[Records from a dataset]
◇ ◇ ◇ ◇
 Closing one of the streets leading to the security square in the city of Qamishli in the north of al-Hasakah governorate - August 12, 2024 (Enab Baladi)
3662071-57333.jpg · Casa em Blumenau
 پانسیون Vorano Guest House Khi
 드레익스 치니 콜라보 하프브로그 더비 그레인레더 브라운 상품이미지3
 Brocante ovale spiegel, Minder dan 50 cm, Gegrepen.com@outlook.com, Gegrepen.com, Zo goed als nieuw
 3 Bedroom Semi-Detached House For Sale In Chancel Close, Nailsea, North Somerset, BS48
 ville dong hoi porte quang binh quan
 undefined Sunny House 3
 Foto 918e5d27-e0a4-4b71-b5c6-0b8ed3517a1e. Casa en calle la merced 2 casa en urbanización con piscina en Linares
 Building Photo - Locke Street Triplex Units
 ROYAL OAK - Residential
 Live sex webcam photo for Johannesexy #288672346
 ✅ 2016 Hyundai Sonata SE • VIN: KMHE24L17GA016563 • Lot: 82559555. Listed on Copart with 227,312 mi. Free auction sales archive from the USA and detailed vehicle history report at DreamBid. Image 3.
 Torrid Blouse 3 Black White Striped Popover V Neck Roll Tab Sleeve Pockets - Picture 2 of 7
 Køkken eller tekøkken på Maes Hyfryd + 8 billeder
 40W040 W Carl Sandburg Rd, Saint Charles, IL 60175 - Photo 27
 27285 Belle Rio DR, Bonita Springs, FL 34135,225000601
◇ ◇ ◇ ◇
Would you please copy every line of the data exactly?

 Closing one of the streets leading to the security square in the city of Qamishli in the north of al-Hasakah governorate - August 12, 2024 (Enab Baladi)
3662071-57333.jpg · Casa em Blumenau
 پانسیون Vorano Guest House Khi
 드레익스 치니 콜라보 하프브로그 더비 그레인레더 브라운 상품이미지3
 Brocante ovale spiegel, Minder dan 50 cm, Gegrepen.com@outlook.com, Gegrepen.com, Zo goed als nieuw
 3 Bedroom Semi-Detached House For Sale In Chancel Close, Nailsea, North Somerset, BS48
 ville dong hoi porte quang binh quan
 undefined Sunny House 3
 Foto 918e5d27-e0a4-4b71-b5c6-0b8ed3517a1e. Casa en calle la merced 2 casa en urbanización con piscina en Linares
 Building Photo - Locke Street Triplex Units
 ROYAL OAK - Residential
 Live sex webcam photo for Johannesexy #288672346
 ✅ 2016 Hyundai Sonata SE • VIN: KMHE24L17GA016563 • Lot: 82559555. Listed on Copart with 227,312 mi. Free auction sales archive from the USA and detailed vehicle history report at DreamBid. Image 3.
 Torrid Blouse 3 Black White Striped Popover V Neck Roll Tab Sleeve Pockets - Picture 2 of 7
 Køkken eller tekøkken på Maes Hyfryd + 8 billeder
 40W040 W Carl Sandburg Rd, Saint Charles, IL 60175 - Photo 27
 27285 Belle Rio DR, Bonita Springs, FL 34135,225000601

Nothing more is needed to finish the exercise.